— DATA LISTING —
Start of Block
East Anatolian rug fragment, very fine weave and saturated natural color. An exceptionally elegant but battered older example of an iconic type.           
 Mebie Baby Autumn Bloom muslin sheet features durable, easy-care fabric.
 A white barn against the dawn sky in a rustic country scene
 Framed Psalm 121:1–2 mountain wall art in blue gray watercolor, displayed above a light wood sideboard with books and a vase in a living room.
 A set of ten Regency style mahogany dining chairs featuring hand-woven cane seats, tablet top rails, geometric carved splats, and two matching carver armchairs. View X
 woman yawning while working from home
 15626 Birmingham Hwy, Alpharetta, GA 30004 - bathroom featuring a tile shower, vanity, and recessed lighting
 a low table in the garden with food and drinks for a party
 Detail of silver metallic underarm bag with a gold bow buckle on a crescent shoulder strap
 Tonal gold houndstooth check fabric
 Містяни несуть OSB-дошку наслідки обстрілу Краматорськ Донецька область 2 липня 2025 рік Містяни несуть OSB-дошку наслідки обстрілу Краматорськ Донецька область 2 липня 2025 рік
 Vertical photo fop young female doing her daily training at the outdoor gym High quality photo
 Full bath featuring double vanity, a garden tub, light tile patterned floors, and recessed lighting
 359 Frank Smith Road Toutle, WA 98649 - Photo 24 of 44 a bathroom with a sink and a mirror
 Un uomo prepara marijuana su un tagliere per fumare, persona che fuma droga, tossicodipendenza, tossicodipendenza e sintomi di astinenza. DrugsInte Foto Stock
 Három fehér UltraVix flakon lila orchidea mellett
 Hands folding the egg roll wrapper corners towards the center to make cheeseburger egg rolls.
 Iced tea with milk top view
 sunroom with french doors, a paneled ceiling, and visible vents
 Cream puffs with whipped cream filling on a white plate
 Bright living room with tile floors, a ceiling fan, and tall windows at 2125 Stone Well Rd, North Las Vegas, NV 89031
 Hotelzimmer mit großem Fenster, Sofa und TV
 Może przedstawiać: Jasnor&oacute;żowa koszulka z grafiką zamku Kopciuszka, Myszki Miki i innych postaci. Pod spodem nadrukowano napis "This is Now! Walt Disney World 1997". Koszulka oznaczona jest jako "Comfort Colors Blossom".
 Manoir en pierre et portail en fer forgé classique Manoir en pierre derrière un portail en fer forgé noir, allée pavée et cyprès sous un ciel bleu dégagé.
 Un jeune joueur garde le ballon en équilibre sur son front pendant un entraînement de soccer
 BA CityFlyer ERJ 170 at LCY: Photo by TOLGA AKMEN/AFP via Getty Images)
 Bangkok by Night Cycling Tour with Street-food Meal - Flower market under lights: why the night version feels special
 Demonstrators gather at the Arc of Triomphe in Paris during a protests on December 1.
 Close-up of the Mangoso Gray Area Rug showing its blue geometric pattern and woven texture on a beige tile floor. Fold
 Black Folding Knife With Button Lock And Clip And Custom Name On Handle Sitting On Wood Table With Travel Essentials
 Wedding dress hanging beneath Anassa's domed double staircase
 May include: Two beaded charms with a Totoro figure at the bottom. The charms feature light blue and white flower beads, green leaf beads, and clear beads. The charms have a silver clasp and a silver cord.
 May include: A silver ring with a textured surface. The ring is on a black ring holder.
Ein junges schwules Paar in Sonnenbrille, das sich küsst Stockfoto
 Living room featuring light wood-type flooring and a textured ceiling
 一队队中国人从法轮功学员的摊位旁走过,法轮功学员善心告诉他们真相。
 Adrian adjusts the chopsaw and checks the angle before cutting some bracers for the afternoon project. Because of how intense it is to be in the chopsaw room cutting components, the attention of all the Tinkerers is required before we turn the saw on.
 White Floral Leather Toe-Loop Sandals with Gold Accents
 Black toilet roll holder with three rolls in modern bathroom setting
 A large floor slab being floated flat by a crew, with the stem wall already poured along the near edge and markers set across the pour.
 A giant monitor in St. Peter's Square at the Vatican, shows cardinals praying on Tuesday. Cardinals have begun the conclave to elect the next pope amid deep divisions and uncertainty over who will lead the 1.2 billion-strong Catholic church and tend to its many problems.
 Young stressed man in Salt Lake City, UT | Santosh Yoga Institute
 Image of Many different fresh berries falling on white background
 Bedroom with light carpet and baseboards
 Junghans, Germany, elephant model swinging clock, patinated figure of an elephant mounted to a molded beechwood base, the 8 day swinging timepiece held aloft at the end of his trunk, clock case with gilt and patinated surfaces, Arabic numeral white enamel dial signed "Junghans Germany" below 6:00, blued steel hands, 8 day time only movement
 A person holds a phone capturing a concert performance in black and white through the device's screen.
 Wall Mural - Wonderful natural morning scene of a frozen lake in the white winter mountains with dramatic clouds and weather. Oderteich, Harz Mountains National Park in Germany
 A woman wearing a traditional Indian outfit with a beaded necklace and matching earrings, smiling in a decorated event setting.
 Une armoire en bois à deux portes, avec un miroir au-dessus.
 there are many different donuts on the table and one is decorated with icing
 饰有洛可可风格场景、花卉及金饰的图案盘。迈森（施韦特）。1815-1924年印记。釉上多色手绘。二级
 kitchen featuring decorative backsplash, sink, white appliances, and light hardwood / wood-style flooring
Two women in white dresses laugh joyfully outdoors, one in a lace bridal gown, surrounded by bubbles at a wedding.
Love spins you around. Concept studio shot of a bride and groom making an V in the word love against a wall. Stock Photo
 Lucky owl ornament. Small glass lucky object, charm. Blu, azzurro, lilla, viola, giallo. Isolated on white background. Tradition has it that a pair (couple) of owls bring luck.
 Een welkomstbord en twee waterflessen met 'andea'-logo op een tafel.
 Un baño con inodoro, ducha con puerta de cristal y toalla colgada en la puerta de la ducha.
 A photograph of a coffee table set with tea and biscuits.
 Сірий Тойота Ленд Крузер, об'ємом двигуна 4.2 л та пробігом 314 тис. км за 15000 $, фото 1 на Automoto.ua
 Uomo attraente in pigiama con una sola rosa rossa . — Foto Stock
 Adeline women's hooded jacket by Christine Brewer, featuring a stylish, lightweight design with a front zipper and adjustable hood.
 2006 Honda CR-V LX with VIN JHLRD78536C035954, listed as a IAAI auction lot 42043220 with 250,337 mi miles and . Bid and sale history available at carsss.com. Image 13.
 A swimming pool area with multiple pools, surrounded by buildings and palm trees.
End of Block
— AIM OF THE EXERCISE —
What you return should be only the lines from the line containing "Een welkomstbord en" through the end of the material above, reproduced exactly, first and last included.

— OUTPUT FOR THIS EXERCISE —
 Een welkomstbord en twee waterflessen met 'andea'-logo op een tafel.
 Un baño con inodoro, ducha con puerta de cristal y toalla colgada en la puerta de la ducha.
 A photograph of a coffee table set with tea and biscuits.
 Сірий Тойота Ленд Крузер, об'ємом двигуна 4.2 л та пробігом 314 тис. км за 15000 $, фото 1 на Automoto.ua
 Uomo attraente in pigiama con una sola rosa rossa . — Foto Stock
 Adeline women's hooded jacket by Christine Brewer, featuring a stylish, lightweight design with a front zipper and adjustable hood.
 2006 Honda CR-V LX with VIN JHLRD78536C035954, listed as a IAAI auction lot 42043220 with 250,337 mi miles and . Bid and sale history available at carsss.com. Image 13.
 A swimming pool area with multiple pools, surrounded by buildings and palm trees.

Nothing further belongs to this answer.